北横岳の雪山登山ガイド ロープウェイで行く初心者安心の樹氷と絶景の八ヶ岳冬ルート

八ヶ岳の一角にそびえる「北横岳(きたよこだけ、標高2,480m)」は、ロープウェイで標高2,200m付近まで一気に上がれるアクセスの良さから、雪山初心者にも人気の名峰です。
霧氷(むひょう)に彩られた坪庭や静かな樹林帯、山頂から望む大パノラマなど、冬ならではの絶景が手軽に楽しめます。必要な装備と準備を整えれば、安心して雪山の魅力を味わえる一日が待っています。
目次
北横岳が雪山初心者に人気の理由 樹氷と静けさに包まれる八ヶ岳の名峰

標高約2,230m付近まで運行している北八ヶ岳ロープウェイ
北八ヶ岳にそびえる「北横岳」は、雪山初心者にぴったりの山として多くの登山者に親しまれています。ふもとの北八ヶ岳ロープウェイを使えば、山頂まで片道約1時間10分の地点まで一気にアクセスできるのが魅力。歩行距離も短く、気軽に雪山の美しさと静けさを体験できる人気ルートです。

樹氷の木々が美しく幻想的な風景を見せてくれる
シラビソやコメツガの森に雪が降り積もり、木々は美しい樹氷(空気中の水分が過冷却で木々に付着する現象)に姿を変えます。その光景は、まるで別世界に迷い込んだかのよう。山頂付近では視界が開け、南アルプスや中央アルプス、そして八ヶ岳の山並みまで一望できます。
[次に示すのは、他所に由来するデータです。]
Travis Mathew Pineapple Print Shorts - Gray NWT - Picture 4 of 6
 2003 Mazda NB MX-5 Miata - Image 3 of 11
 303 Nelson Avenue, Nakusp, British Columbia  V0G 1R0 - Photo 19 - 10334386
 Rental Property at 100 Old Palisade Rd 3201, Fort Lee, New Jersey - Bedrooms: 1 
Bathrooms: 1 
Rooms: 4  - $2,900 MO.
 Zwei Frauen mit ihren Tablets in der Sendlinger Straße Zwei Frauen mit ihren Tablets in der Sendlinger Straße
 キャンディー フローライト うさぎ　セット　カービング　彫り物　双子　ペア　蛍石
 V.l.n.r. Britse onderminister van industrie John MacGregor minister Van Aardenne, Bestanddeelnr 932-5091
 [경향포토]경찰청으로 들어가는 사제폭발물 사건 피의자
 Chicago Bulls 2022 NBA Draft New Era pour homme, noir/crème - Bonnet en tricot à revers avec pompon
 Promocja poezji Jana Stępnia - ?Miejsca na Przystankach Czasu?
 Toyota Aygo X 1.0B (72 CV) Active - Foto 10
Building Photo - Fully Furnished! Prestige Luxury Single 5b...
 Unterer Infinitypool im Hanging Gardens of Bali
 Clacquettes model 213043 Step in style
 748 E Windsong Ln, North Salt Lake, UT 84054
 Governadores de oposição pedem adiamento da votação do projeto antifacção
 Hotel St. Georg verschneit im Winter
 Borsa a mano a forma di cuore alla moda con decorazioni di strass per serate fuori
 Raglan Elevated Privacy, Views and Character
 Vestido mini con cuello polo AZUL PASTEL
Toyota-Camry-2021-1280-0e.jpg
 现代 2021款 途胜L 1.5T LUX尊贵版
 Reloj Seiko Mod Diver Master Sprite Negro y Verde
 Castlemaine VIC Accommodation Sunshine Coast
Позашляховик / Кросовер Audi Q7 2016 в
澄みきった冬の空気が、その眺望をいっそう引き立ててくれます。
北横岳へのアクセス方法 ロープウェイで標高2,237mから始まる雪山登山

登山のハードルを下げてくれる通年運行のロープウェイ
登山前の玄関口となる北八ヶ岳ロープウェイは、長野県茅野(ちの)市の北山地区にある山麓駅(標高1,771m)から出発し、約7分で山頂駅(約2,237m)へ到着するアクセスの良さが魅力です。体力に自信のない方や雪山登山に慣れていない方でも、無理なくスタート地点に立てます。
山麓駅までのアクセス
公共交通機関:JR中央本線・茅野駅からアルピコ交通の路線バス「北八ヶ岳ロープウェイ行き」で約60分、終点下車。冬季は運行本数が少ないため、事前に時刻表を確認しておくと安心です。
車:中央自動車道・諏訪ICから国道152号経由で約50分。無料駐車場(約600台)があり、冬季は除雪されていますが、路面凍結に備えてスタッドレスタイヤやチェーンを用意しておくと安心です。

ロープウェイを降りたら、アイゼンを装着して出発
料金は往復で大人(中学生以上)2,600円、小学生約1,300円。装備チェックも含めて準備を整えてからロープウェイに乗るのがおすすめです。下車後すぐにアイゼンを装着し、すぐ雪道登山を開始できます。
北横岳の雪山ルート解説 短時間で絶景を満喫できる初心者向けコース

南アルプスと八ヶ岳主峰、坪庭を見渡す好展望
ロープウェイ山頂駅から始まる「北横岳」の雪山登山は、軽アイゼンとストックで安心して進めるコースです。標高差は約240m、往復の歩行距離はおよそ3.5kmとコンパクトで、雪道初心者にも適しています。
ルートは、坪庭の樹氷と溶岩台地の雪原を歩き、静かな樹林帯を抜けて北横岳ヒュッテへ。そこからは視界が開け、南アルプスや中央アルプス、八ヶ岳の峰々を望む山頂へと進みます。
澄みきった冬の空気が、山並みや雪景色の美しさをいっそう際立たせてくれます。ただし、冬季は日没が早く、15時前までの下山を目安に行動計画を立てましょう。
山頂駅→(約50分)→北横岳ヒュッテ→(約15分)→北横岳(南峰)→(約5分)→北横岳(北峰)→(約40分)→三ッ岳→(約40分)→雨池峠→(約30分)→縞枯山→(約40分)→茶臼山→(約1時間20分)→山頂駅
坪庭の雪化粧を歩く 樹氷と白銀の世界を満喫する遊歩道

木々と岩が織りなす独特の雰囲気の坪庭を進む
ロープウェイ山頂駅を降りてすぐに広がるのが、「坪庭」と呼ばれる溶岩台地です。雪に覆われた平原に一本の遊歩道が設けられ、樹氷の森を間近に感じながら歩ける幻想的な空間が広がります。周囲にはコメツガやシラビソの木々が立ち並び、厳冬期ならではの樹氷が織りなす別世界を楽しめます。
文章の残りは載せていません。